### Your goal
What you should end up with is an exact copy of the lines from the one holding "2021 Toyota Tacoma 4x4 SR photo 6" through the last line of the entries below, both included, and nothing else; leave every picture out.

### Data
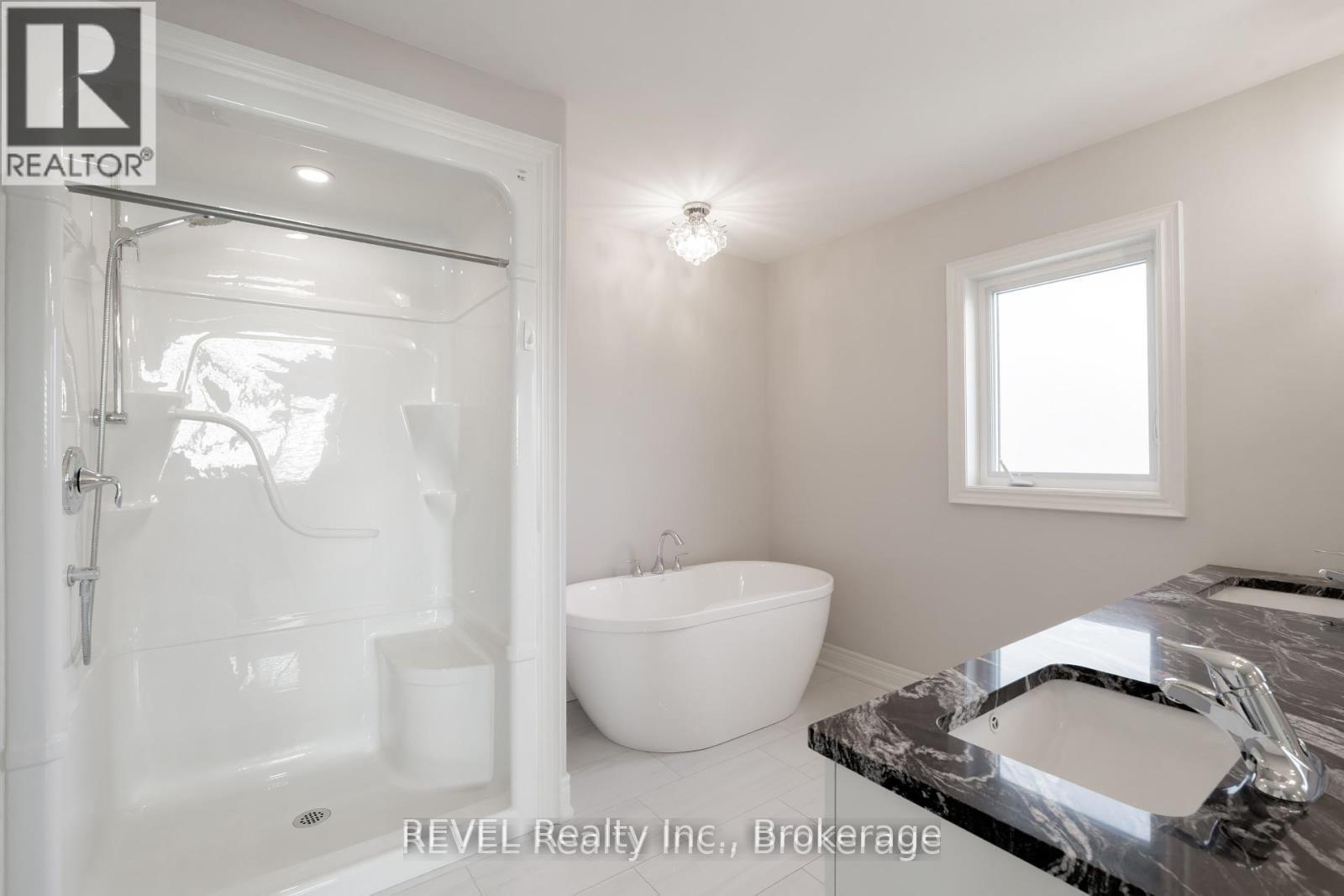 Upper - 202 Viger Drive, Welland (Lincoln/Crowland), ON - Indoor Photo Showing Bathroom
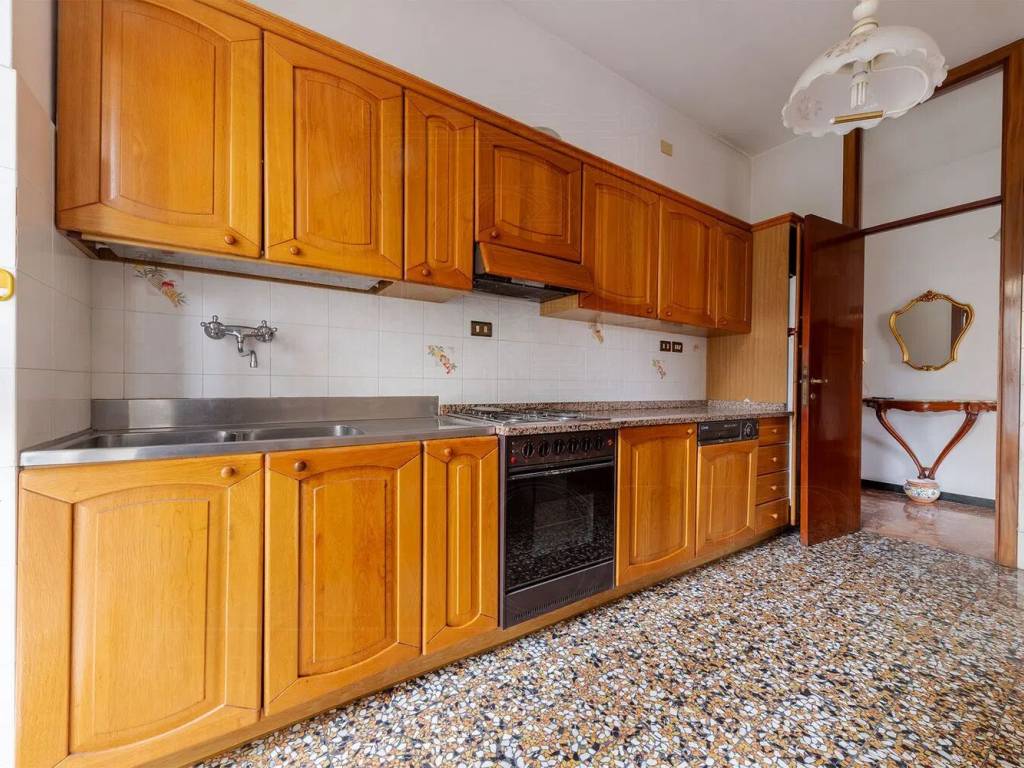 Appartamento a Chiavari in Viale Adolfo E Adelina Devoto - Foto 5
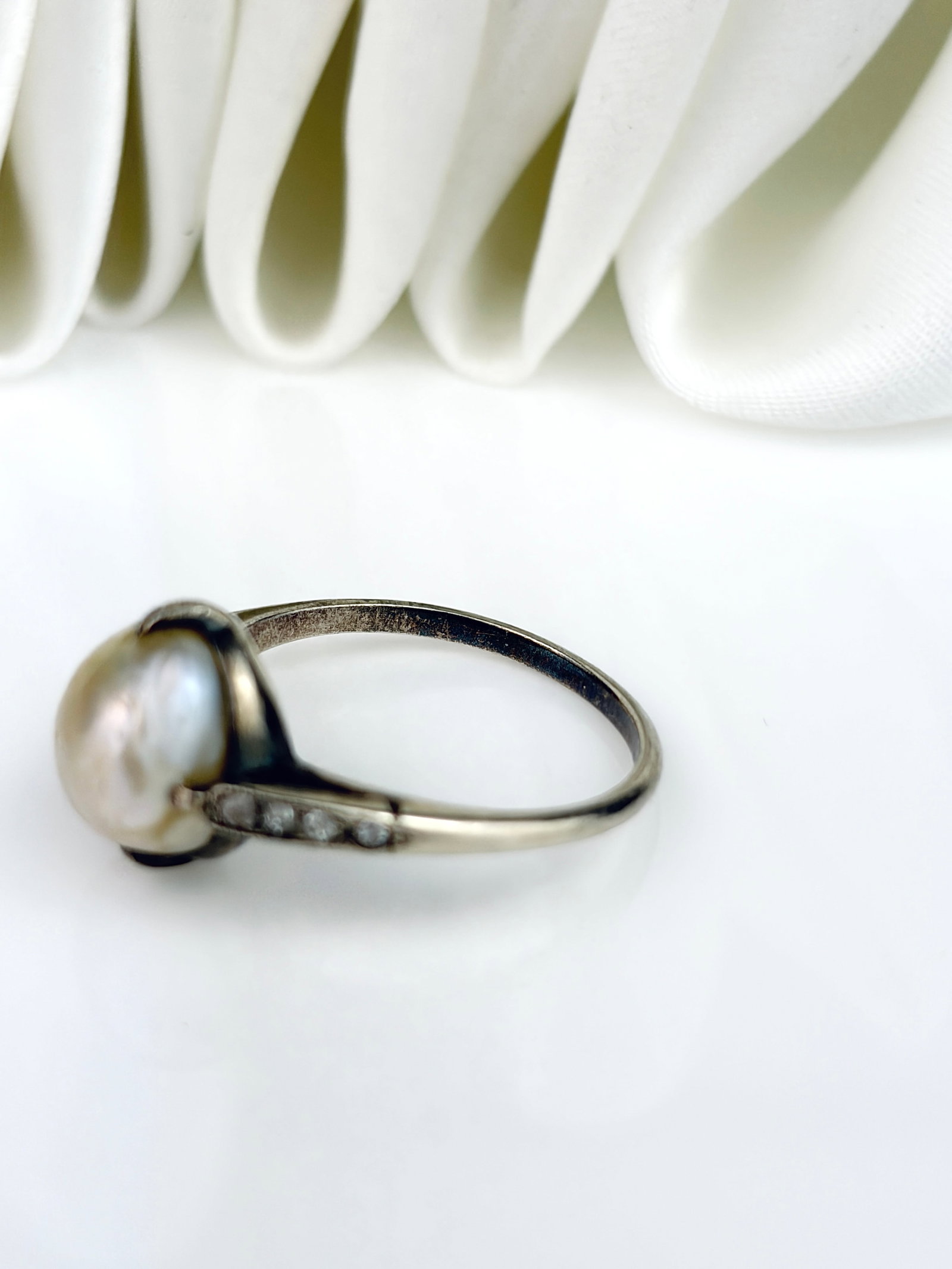 ANTIQUE BAROQUE PEARL AND DIAMOND RING IN WHITE GOLD - 5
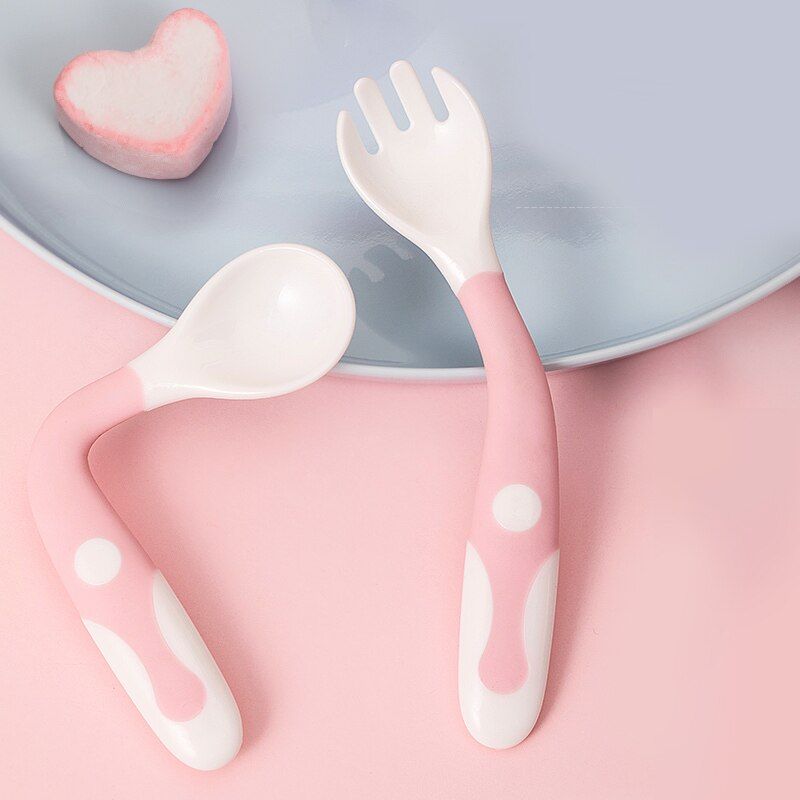 YATEMAO 2pcs/lot Feeding Baby Spoons Temperature Sensing Spoon for Kids Boys Girls Silicone Spoon Toddler Flatware Drop shipping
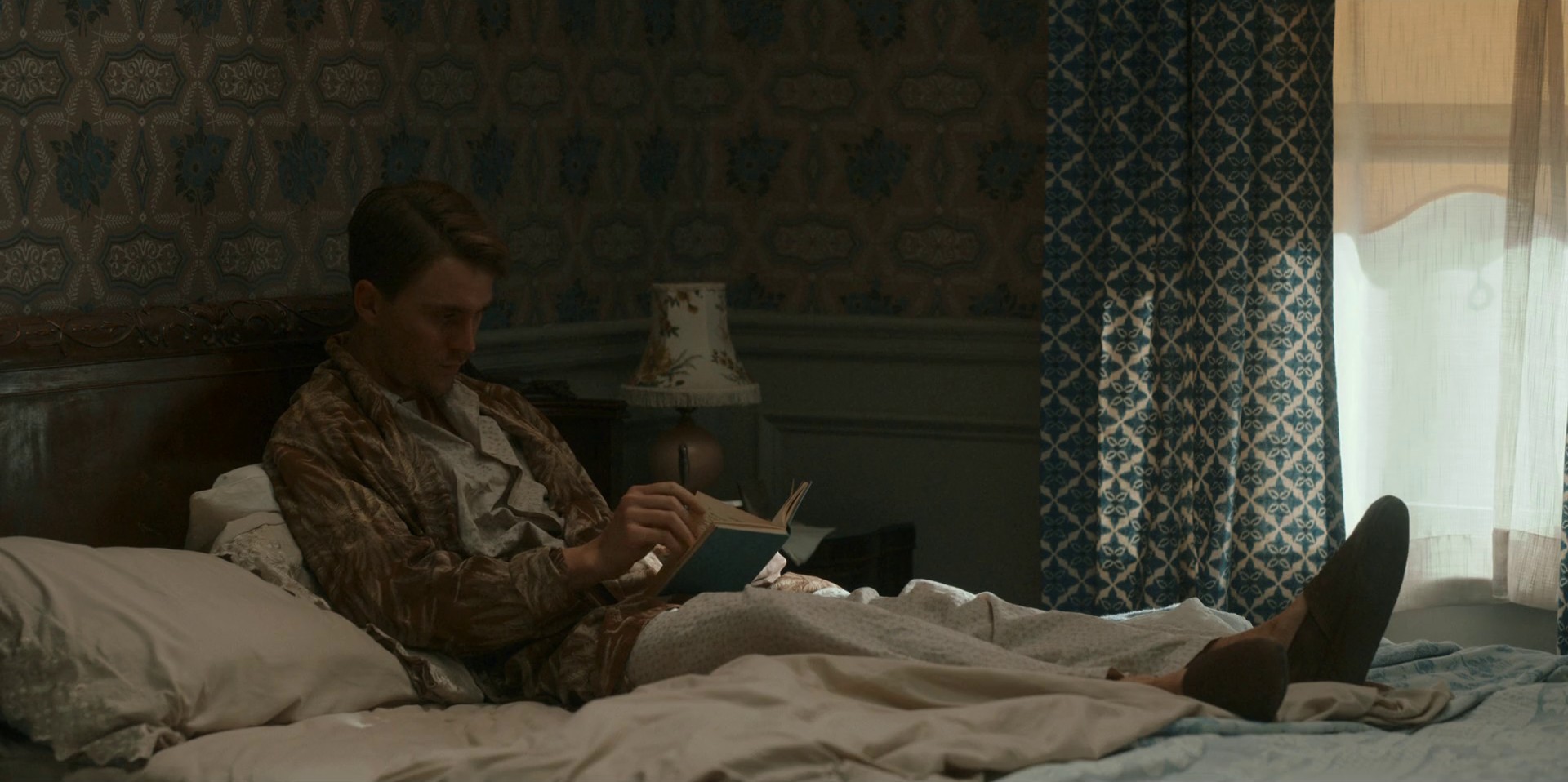 Please Allow Me (2022) —  shot,  lighting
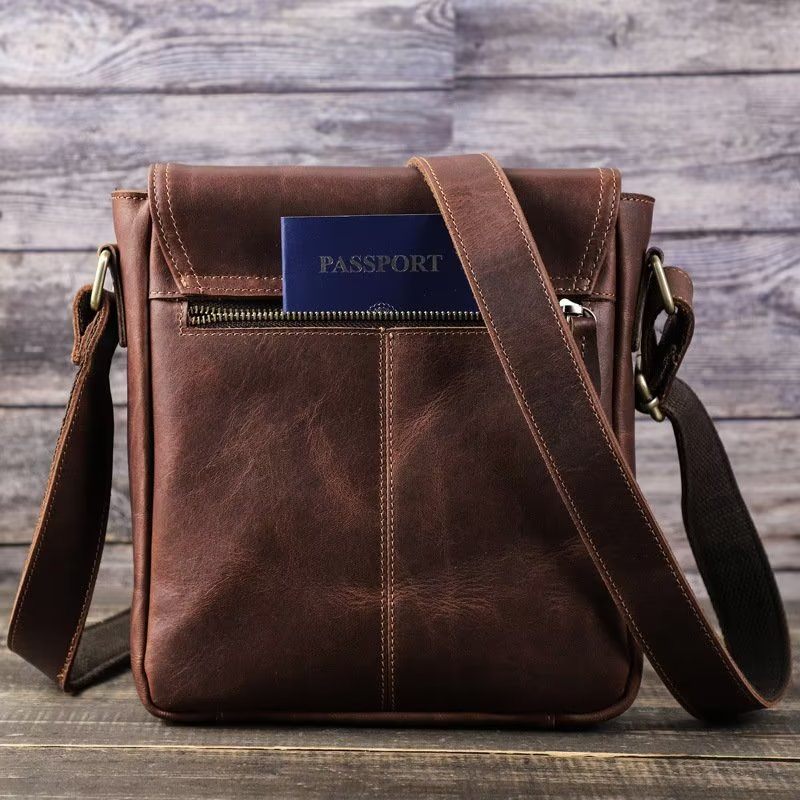 Bolsa Ombro Masculina Luxuosa Com Aba Couro Compacta Crossbody - Café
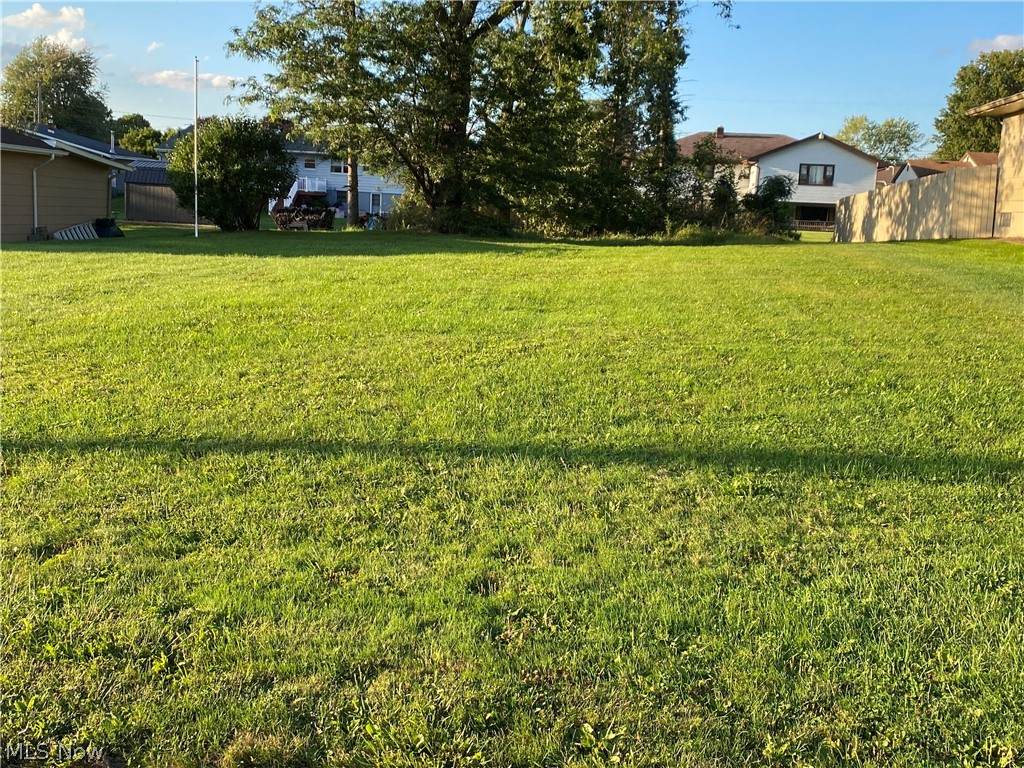 600 Porter Avenue - Photo 1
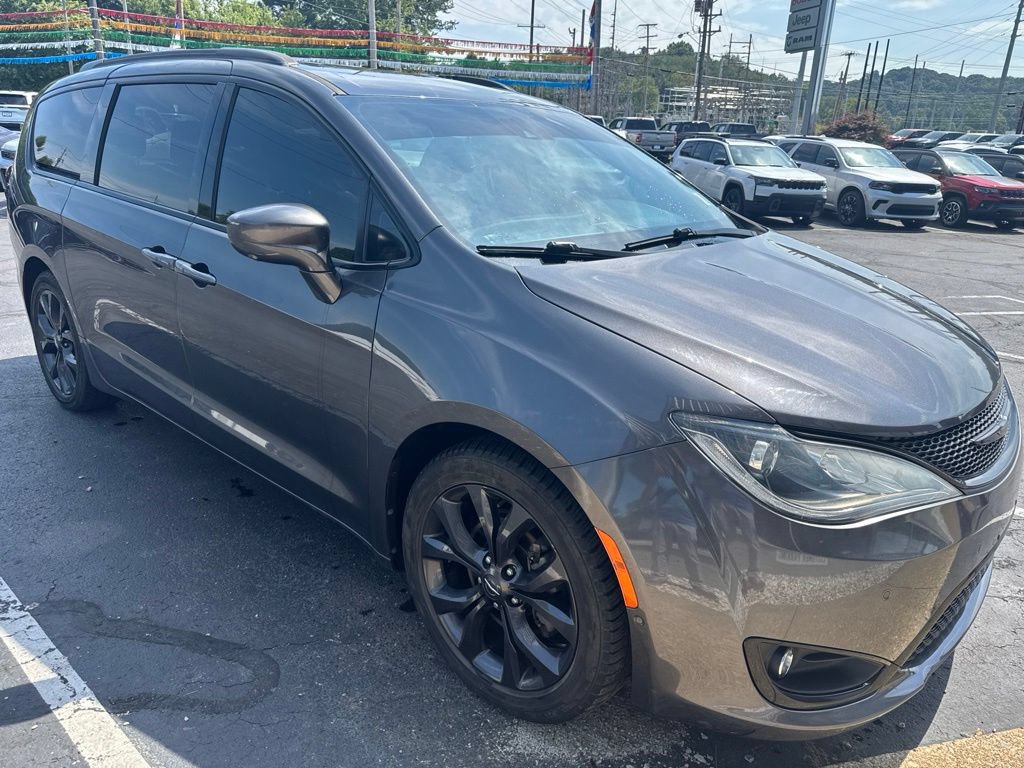 Used 2019 Chrysler Pacifica Touring-L Plus w/ Advanced Safetytec Group FWD image 3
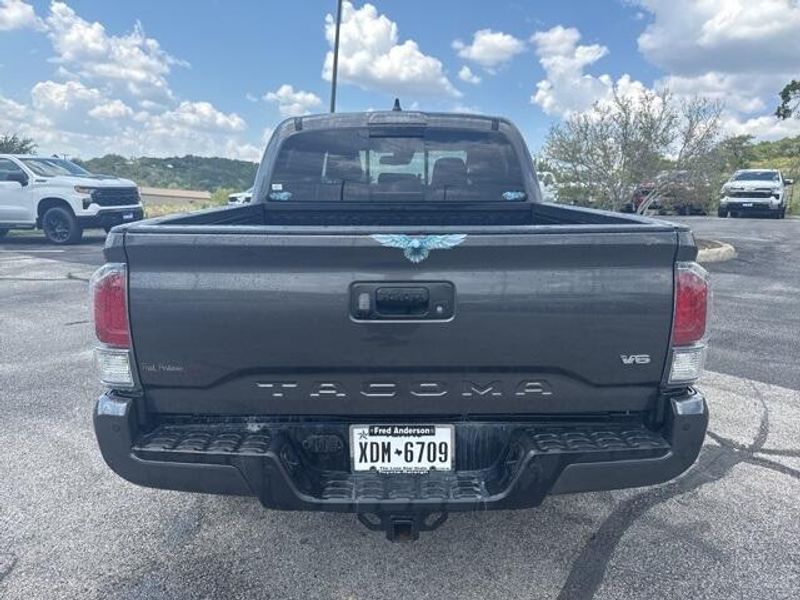 2021 Toyota Tacoma 4x4 SR photo 6
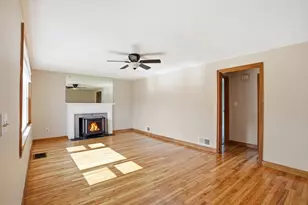 7 Beebe Ln, Wakefield, MA 01880 - Photo 8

### Expected answer
 2021 Toyota Tacoma 4x4 SR photo 6
 7 Beebe Ln, Wakefield, MA 01880 - Photo 8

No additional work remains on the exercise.